ECLI:NL:GHARN:2000:AA6544
Gerechtshof Arnhem
- Eerste aanleg - meervoudig
- T.J. Matthijssen
- F.J.P.M. Haas
- J.P.M. Kooijmans
- Rechtspraak.nl
Belastingaanslag en pachtovereenkomst in nalatenschap
In deze zaak gaat het om een belastingaanslag die is opgelegd aan belanghebbende, voortvloeiend uit de verkrijging van een nalatenschap. De aanslag is berekend op basis van een belaste verkrijging van ƒ 761.242, wat in strijd is met de door belanghebbende ingediende aangifte. Zowel belanghebbende als haar broer hebben bezwaar gemaakt tegen de aanslagen, maar de Inspecteur heeft deze gehandhaafd. Het gerechtshof te 's-Gravenhage heeft de aanslagen verminderd tot ƒ 667.338, maar belanghebbende heeft cassatie ingesteld. De Hoge Raad heeft de uitspraak van het gerechtshof te 's-Gravenhage vernietigd en de zaak verwezen naar het gerechtshof te Arnhem voor verdere behandeling.
De mondelinge behandeling vond plaats op 22 maart 2000. Het geschil betreft of er een pachtovereenkomst bestond tussen de erflater en belanghebbende met betrekking tot een onroerende zaak die deel uitmaakte van de nalatenschap. Belanghebbende stelt dat de onroerende zaak, bestaande uit een woonhuis en bijbehorende grond, als een pachtovereenkomst moet worden aangemerkt. De Inspecteur betwist dit, maar heeft geen concrete argumenten aangedragen om zijn standpunt te onderbouwen.
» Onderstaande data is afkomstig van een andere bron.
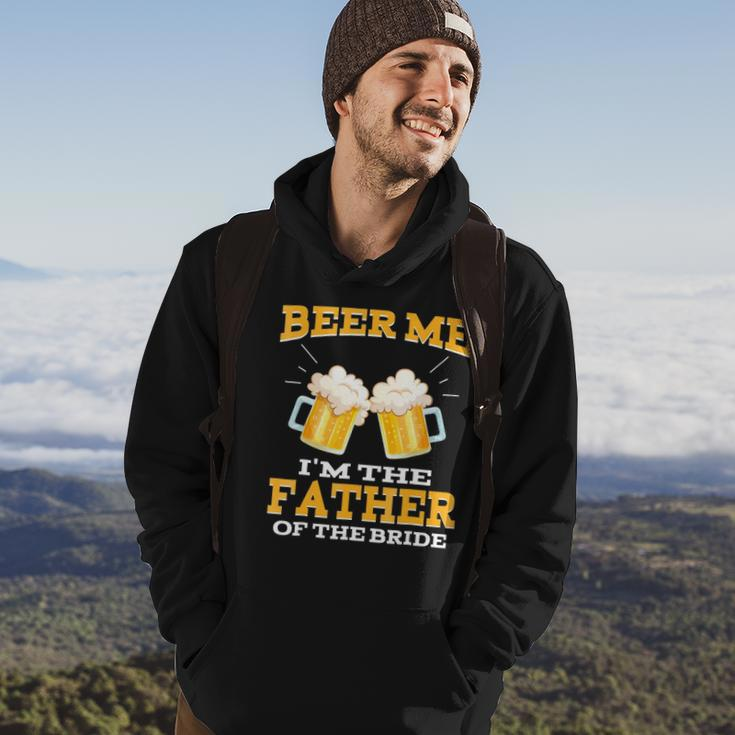 Beer Me Im The Father Of The Bride Fathers Day Gift Hoodie Lifestyle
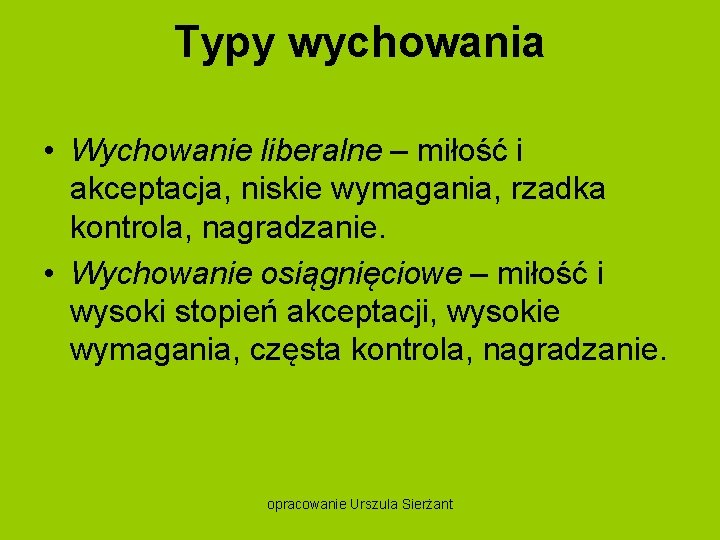 Typy wychowania • Wychowanie liberalne – miłość i akceptacja, niskie wymagania, rzadka kontrola, nagradzanie.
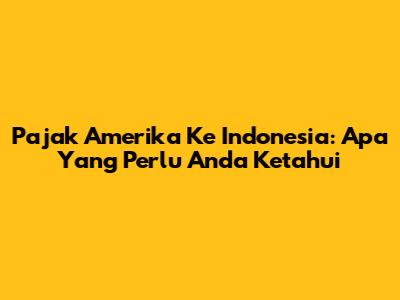 Pajak Amerika Ke Indonesia: Apa Yang Perlu Anda Ketahui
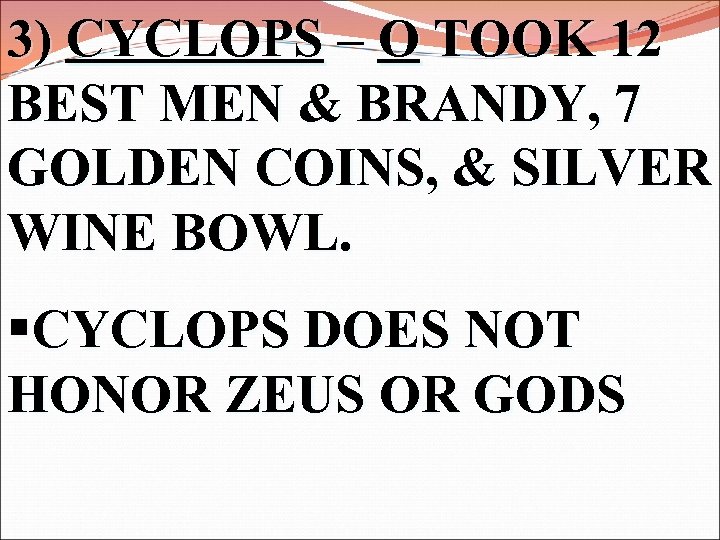 3) CYCLOPS – O TOOK 12 BEST MEN & BRANDY, 7 GOLDEN COINS, &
Het hof oordeelt dat de overeenkomst tussen de erflater en belanghebbende moet worden aangemerkt als een pachtovereenkomst, aangezien de Inspecteur geen bewijs heeft geleverd dat dit niet het geval is. De waarde in verpachte staat van de onroerende zaak bedraagt ƒ 667.000, wat leidt tot een zuivere nalatenschap van ƒ 993.176. Belanghebbende heeft recht op de helft hiervan, oftewel ƒ 496.588. Het hof vernietigt de uitspraak van de Inspecteur en vermindert de aanslag tot dit bedrag. Tevens wordt de Inspecteur veroordeeld in de proceskosten van belanghebbende.